Challenges for the next steps

As well as the expansion of the municipal selective waste collection, tax exemptions in the recycling chain and the development of the recycling industry are fundamental

Brazil is one of the recycling champions in the world. This is due to the popular recycling model resulted from the recyclable material pickers, largely supported by the business sector. New breakthroughs depend on a greater public power engagement in the waste adequate destination, among other main factors, thus reducing the informal labor extent in the sector. However, in order to increase scale, the need for growth and improvement of the selective collection done by municipalities through systems that involve waste pickers organization is just one side of the coin. The other is the quest for greater sense of justice to exempt costs in the recycling productive chain, which historically presents tax distortions that discourage the use of recycled raw materials.

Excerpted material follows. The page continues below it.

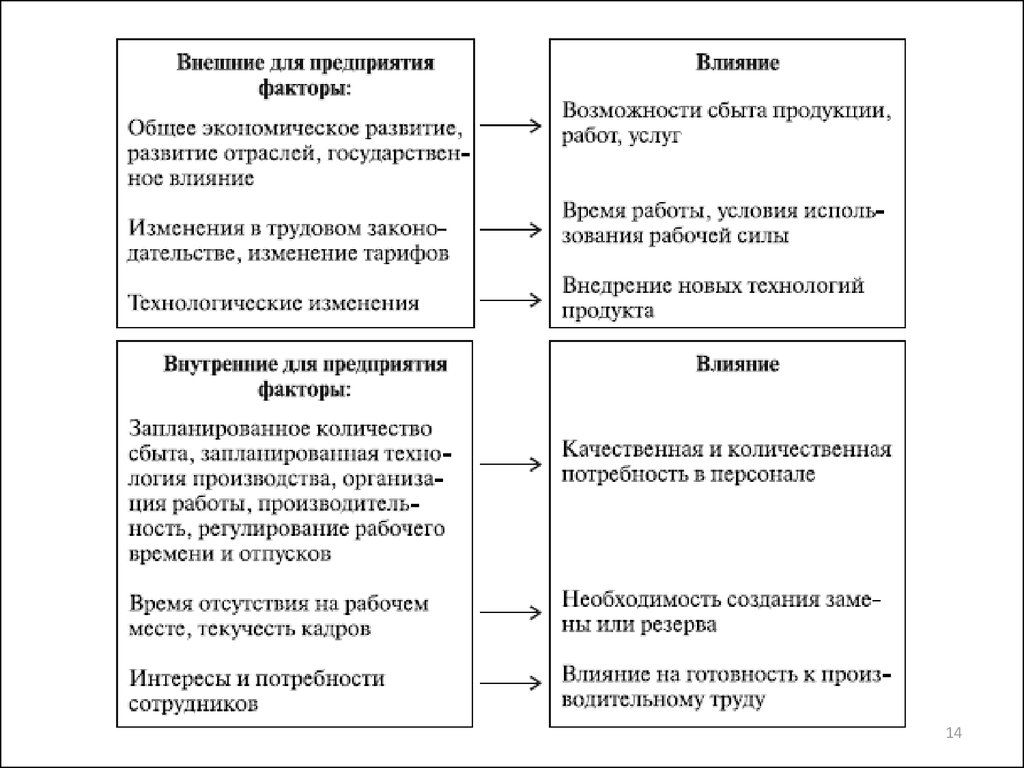 Необходимость в кадрах. Факторы влияющие на потребность в персонале. Факторы влияющие на планирование потребности в персонале. Факторы, определяющие потребность в персонале. Факторы, влияющие на планирование персонала предприятия.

In its Article 33, Chapter III, the National Solid Waste Policy determines the creation of economic and financial tools for the sector development, but, so far, examples as what happened in Ceará are rare. That State was a pioneer when it approved the reduction of the Tax on Circulation of Goods and Services from 17% to 7% as an incentive to investments in the recycling industry, thus generating jobs and income, decentralizing the activity and taking it to the countryside. On the federal level, there is a National Industry Confederation proposal for the exemption of costs in the recycling chain being analyzed.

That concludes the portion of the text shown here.